Maybe I’m just tuned into it a lot more, but a lot more people are getting comfortable with being raw these days. And this album takes you into the thick of the disruption disrupting, of catalytic topsy-turvy, grooveable tempo that finds its pocket in your unique rhythm and your individual expression. Man, I’m digging the talent that’s creating pockets of moments of allowing themselves to be discoverable in this day and this day age. Howard runs no risk of sounding like a broken record because it’s his story and the story of every man. WOW, Campus Flash Back.
“I just want people to hear it (whether they love or hate it) and draw some form of comfort or understanding from it and find a part of themselves in it if possible.” rolls off his tongue as a matter of fact.
And here’s where my inner psychologist unravels at the plethora between madness and insanity. And our talent to numb ourselves into oblivion. This isn’t your classical fairy tale. It’s not a blasphemy spewing of anger; it’s something that lives under the skin. Between the human and inhumane. The Soul and the Soulless. But if you don’t like tripping yourself over deep lyrical contortions, you’ll be glad to know it’s utterly funkable grooves that get those fingers drumming, and your body shape shifting without you even knowing it.
“Although these songs do speak for themselves, I would like to explain them briefly to be a little less cryptic.

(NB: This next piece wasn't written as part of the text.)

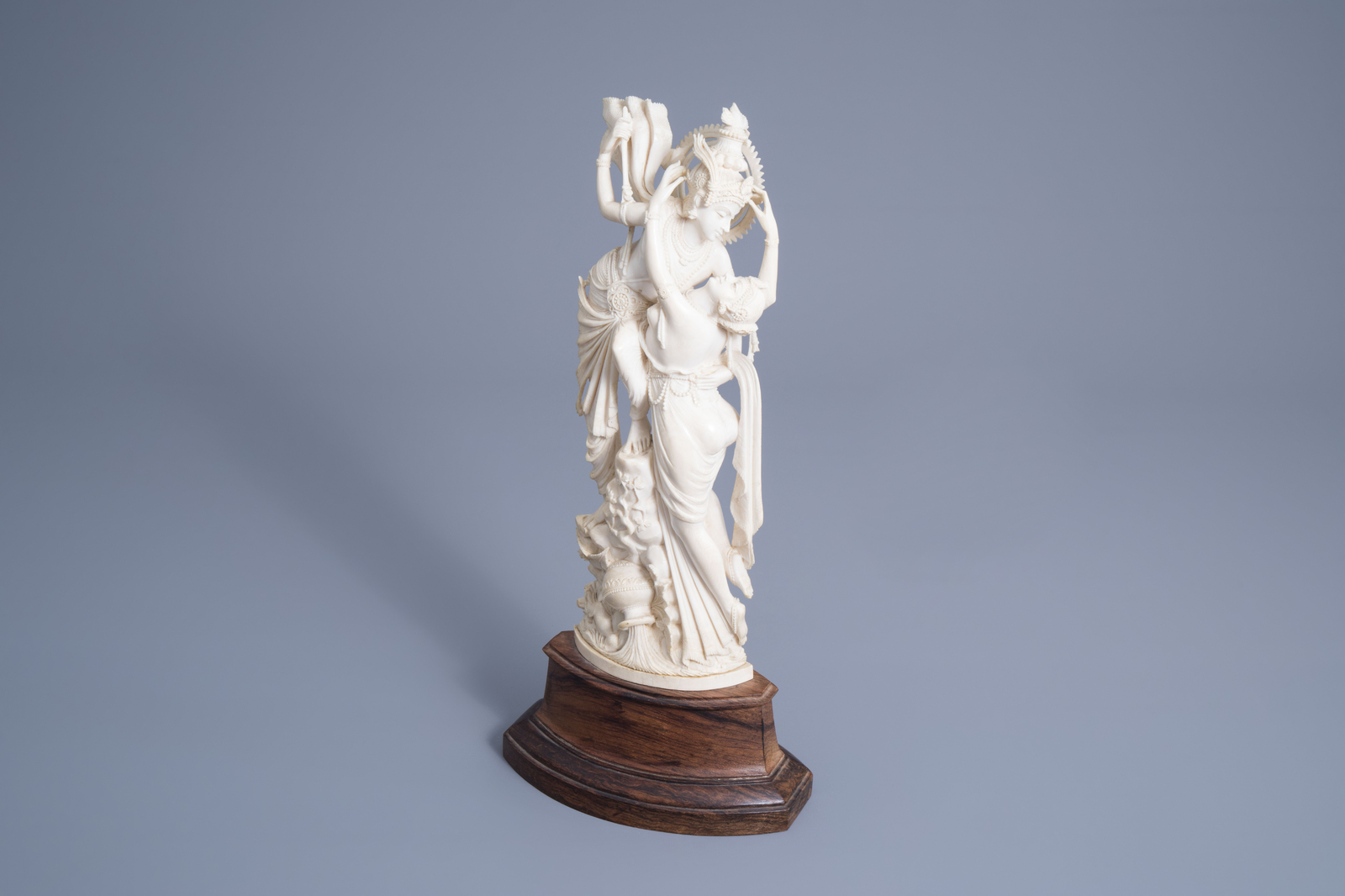 An Indian carved ivory group of a loving and embracing couple on a wooden base, ca. 1900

I wrote almost all of these in Copenhagen, Denmark when I was living there from 2013-2014. It was a challenging, beautiful, educational, terrifying and astonishing time in my life. I formed closer relationships with family and friends back home and also met some incredible people abroad. Each and every one of these people had a major part in helping me survive some crippling anxiety and depression, and thus, this album was born. A response. An echo. A reaction. A strong middle finger to the negative and an embrace to what gives me peace inside.”
A Philadelphia transplant by way of Pittsburgh, Howard Louis comes armed with powerful vocals and a piano. He fuses sounds of rock, alternative, pop, and even flavors of show tunes in his catalog of songs. Louis’s brutally honest lyrics are perceptive, biting, self-deprecating, and naked. All of these qualities are crafted over melodic soundscapes that are sometimes dark, sometimes quirky, and sometimes raw and beautiful.

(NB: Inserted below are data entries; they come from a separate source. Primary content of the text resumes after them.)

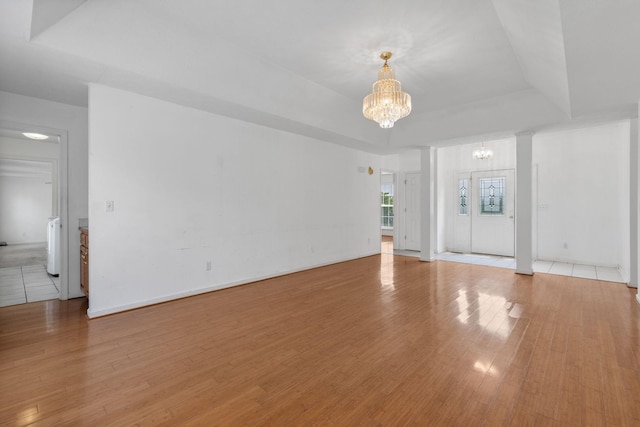 772 Blakemore Rd, Dickson, TN 37055 - unfurnished living room featuring a chandelier, light wood-type flooring, and a raised ceiling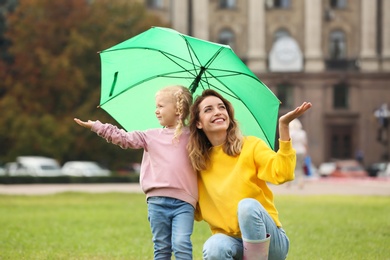 Photo of Happy mother and daughter with umbrella in park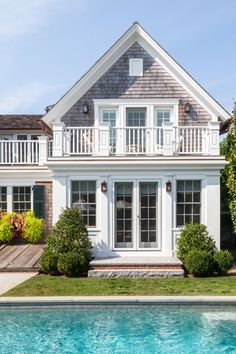 a house with a pool in front of it and some bushes on the lawn next to it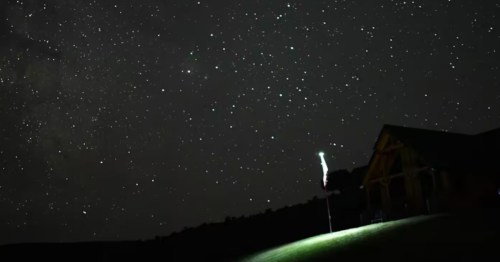A starry night/dark sky view from the front of a guest house in Nevada.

Louis released his last full-length album, Cutting Cords, in July 2010. Special shows promoting the album were done in Philadelphia throughout the following year. 2012 introduced The Dark Hour, a 3-song EP released track by track throughout the year. At the end of 2012, Howard performed a tribute to the great Tom Waits in Philadelphia.
And then this happened:
The Album has a pretty interesting story in itself.
“It’s a play on the expression by a poet named Omar Khayyám:, “the moving finger writes; and, having writ, moves on.” I liked the idea of seeing myself being hurt (or, stung) and then moving on. As it usually does. I was attracted to metaphors while writing this record.” he shares.

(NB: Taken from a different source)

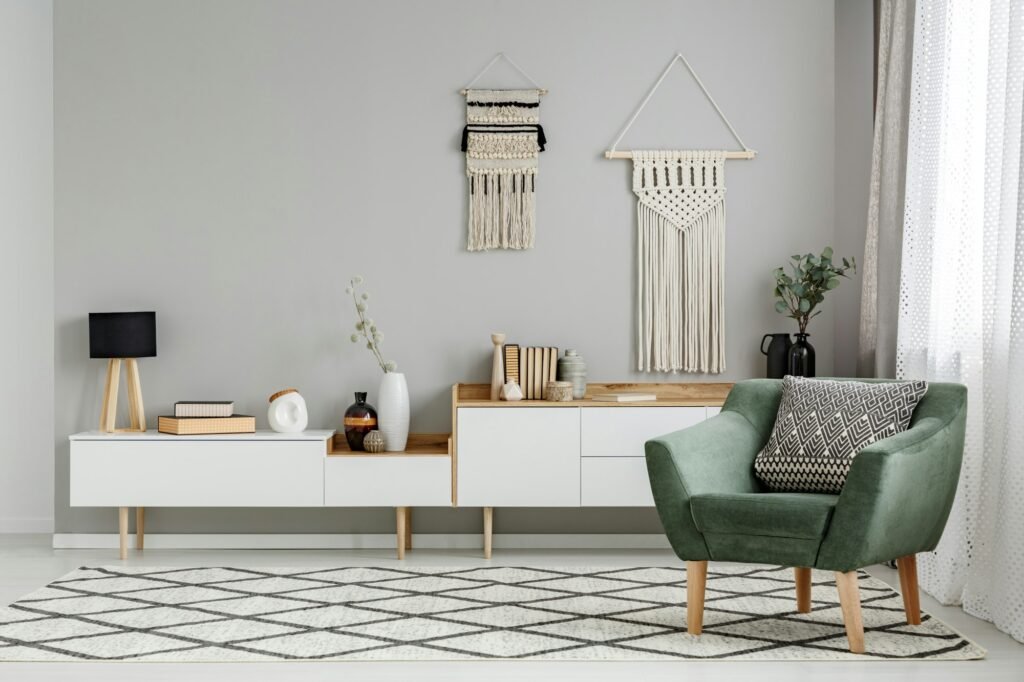 Green armchair on patterned carpet in bright living room interio
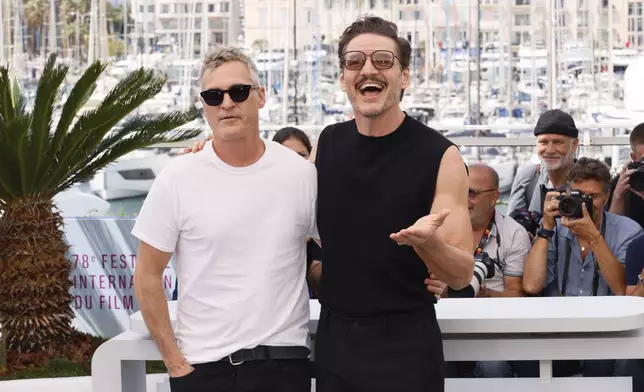 Joaquin Phoenix, left, and Pedro Pascal pose for photographers at the photo call for the film 'Eddington' at the 78th international film festival, Cannes, southern France, Saturday, May 17, 2025. (Photo by Joel C Ryan/Invision/AP)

BOOM! I think you nailed that one Howard! Of course, he is referring to the album name which is Having Stung Moves On. He explains it as a social commentary of “conquering a pretty dark self-journey and gaining strength from it.”
After all, we all have that shadow that we can’t get away from. We could share cute videos of a girl trying to outrun her shadow, but there are lessons to be learned in the thick of things. Or as Kelly would say ” what doesn’t kill you makes you stronger.”
What I appreciate about this is the gentleness with which he cups the darkness. Ever so delicately he unravels the layers only to take you as far as you are willing to go. It’s not hate, and wounding, it’s just giving voice to hey this is a real feeling …
And yes, it has it’s pretty light moments too.
“I grew up listening to musicians express themselves through their lyrics. I realized soon that I was supposed to be doing the same thing and that it was in my blood.” he admits.
And you can tell. One word is bubbling up. And that’s effortless. Like the songs just wrote themselves. And there’s something inescapable to be said about that.
Favorite tracks – are you going to do this to me? How is this for a first listening – every song gets a nod. A rare treat for an album. But maybe not so much for a story weaver. Yes, not a storyteller, a weaver. A weaver of cords.
And the other thing, the classic vibe of the dark side sounds heavy and full throttle. With a lot of screaming .This feels stripped down to just what’s needed, and then a treat. It’s not acoustic, but it feels like it.